Step 7: Review and second assessment report
Near the end of the project life cycle, a review of the impact assessment report is planned. The aim of the review is to assess the efforts of the partners to incorporate the outcomes of the first impact assessment during the design and actual implementation in pilot-testing, conduct a comparative risk assessment based on the initial risk assessment matrix and reflect upon any new issues which potentially emerged due to technical or regulatory updates in the time between the first and the second report. During the review, given the maturity of the pilot results, the consortium will first examine whether more components (compared to the first report) should be assessed or whether components which were excluded from the first report should be now assessed. During the review, the consortium will also aim to address issues reported during Step 4, for instance further improving the understanding between the technical and non-technical partners with the expansion of the established glossary and optimising the assessment methodology.
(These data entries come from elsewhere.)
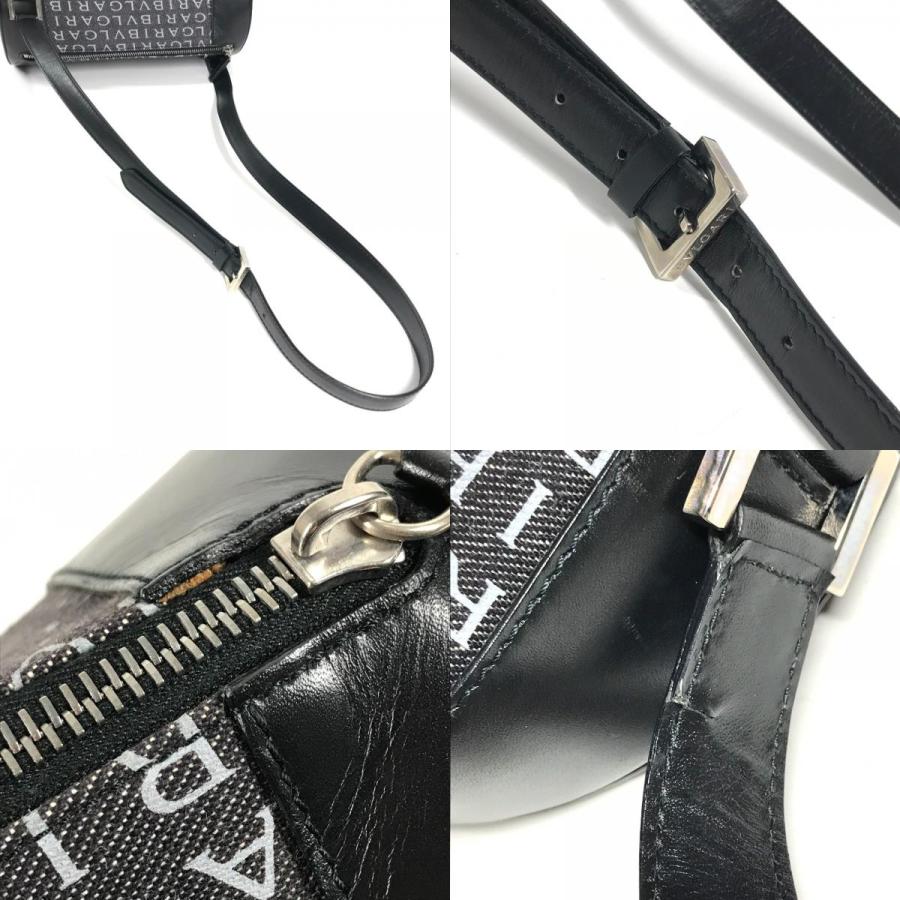 BVLGARI ブルガリ ロゴマニア カバン 斜め掛け ポシェット 筒形 ショルダーバッグ ブラック ユニセックス【中古】 | BVLGARI | 08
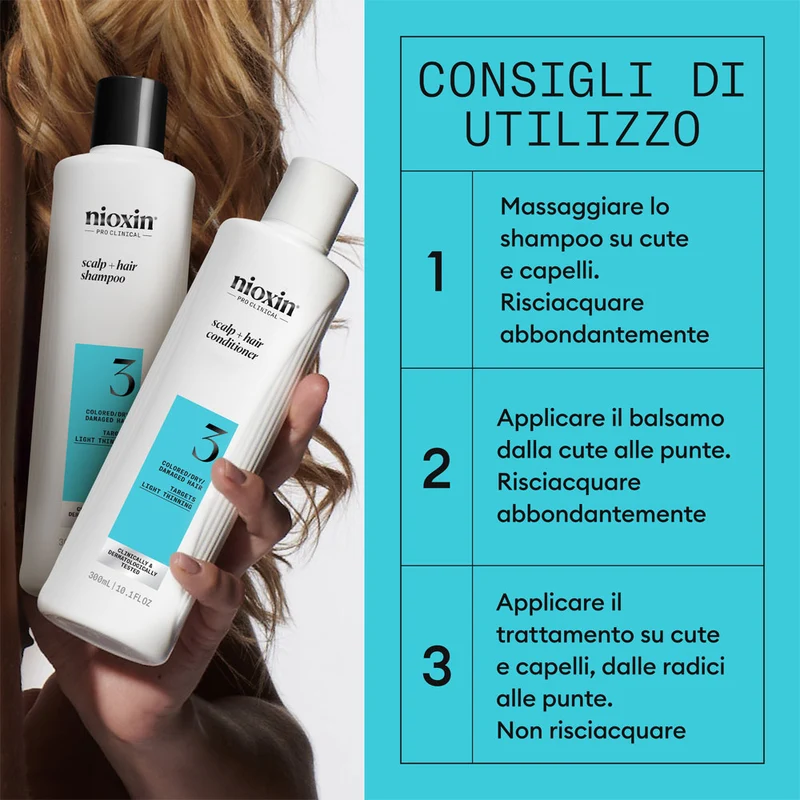 Nioxin Système 3 Kit Triphasique 300ml - kit cheveux légèrement clairsemés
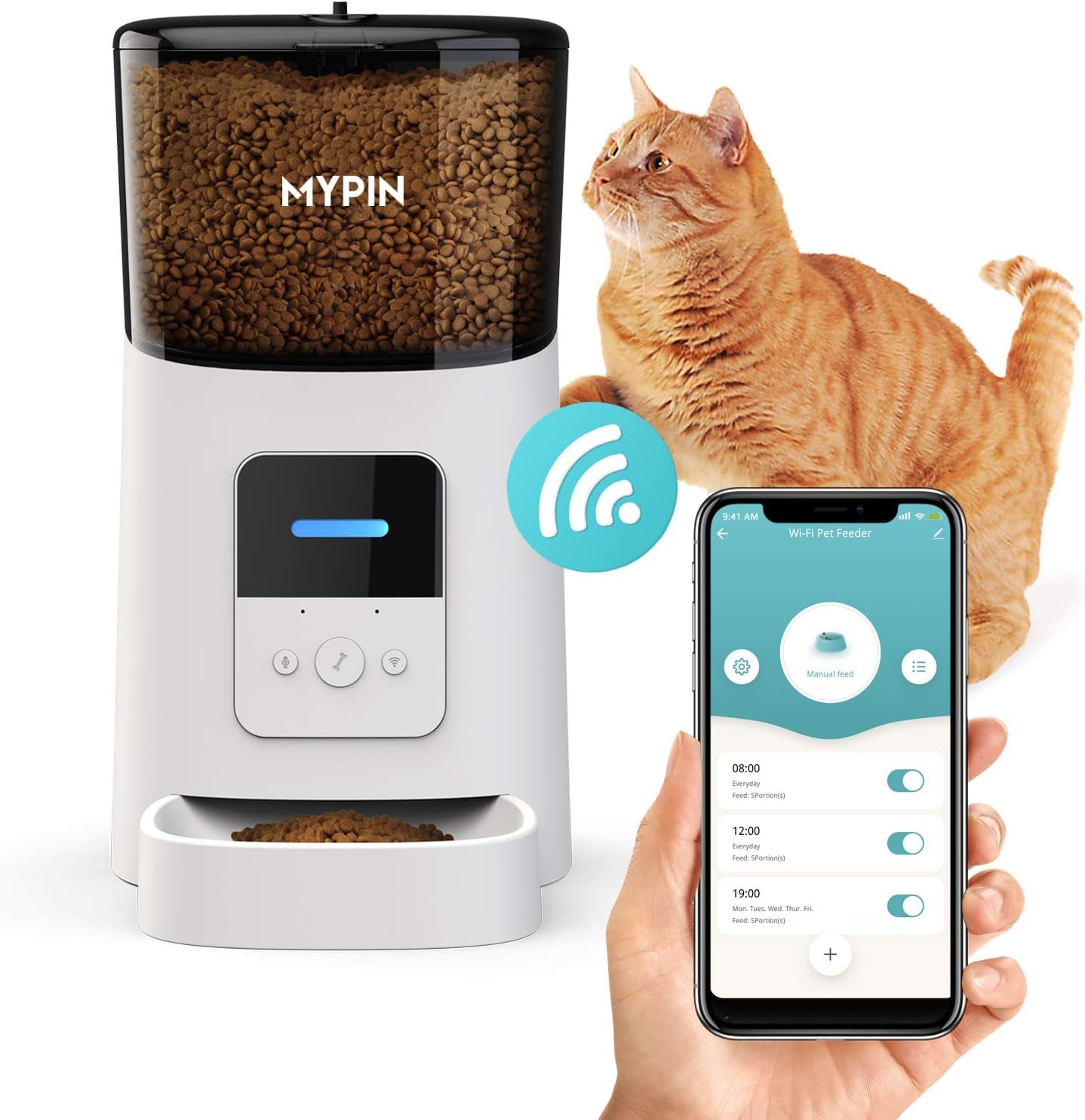 Automatic Pet Feeder for Cats and Dog, 2.4G Wi-Fi Enabled APP with Voice Recorder for Ios and Android, Auto Dog Food Dispenser with Portion Control, Distribution Alarms up to 15 Meals per Day, 6L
Targeted, shorter in length, tailor-made questionnaires will be used again at this stage and bilateral discussions with the partners will take place. The results will be compiled in a written report, which along with the technical documentation, will accompany the final Cyber-Trust platform in case of potential marketing. This documentation will permit interested stakeholders and future data controllers to understand the benefits and risks of the platform and perform their own assessment, having a solid basis as a starting point.
To sum up, even though structures for an impact assessment may show similarities, for most part they remain tailor-made for each project or system and their particular needs, as well as for the decision making they correspond to. The same goes for the procedural aspects. As we saw, the procedural aspects of an impact assessment are equally important to the substance of it, with regards to its effective and efficient completion and regular review. Here we presented the procedural approach adopted by the Cyber-Trust project, which constitutes a complex cross-disciplinary system with diverse beneficiaries, breaking down into seven steps. Of paramount importance is planning ahead, starting early enough, including a first outline even in the research proposal. Then, as this is a horizontal procedure, the proper tools and mechanisms (e.g., questionnaires, repositories, software, glossaries, reports) should be identified and used to keep the consortium informed and engaged throughout the project life cycle. In long-term, impact assessments can have further benefits, including broader compliance and assistance with demonstrating accountability and enhancing trust towards individuals and users.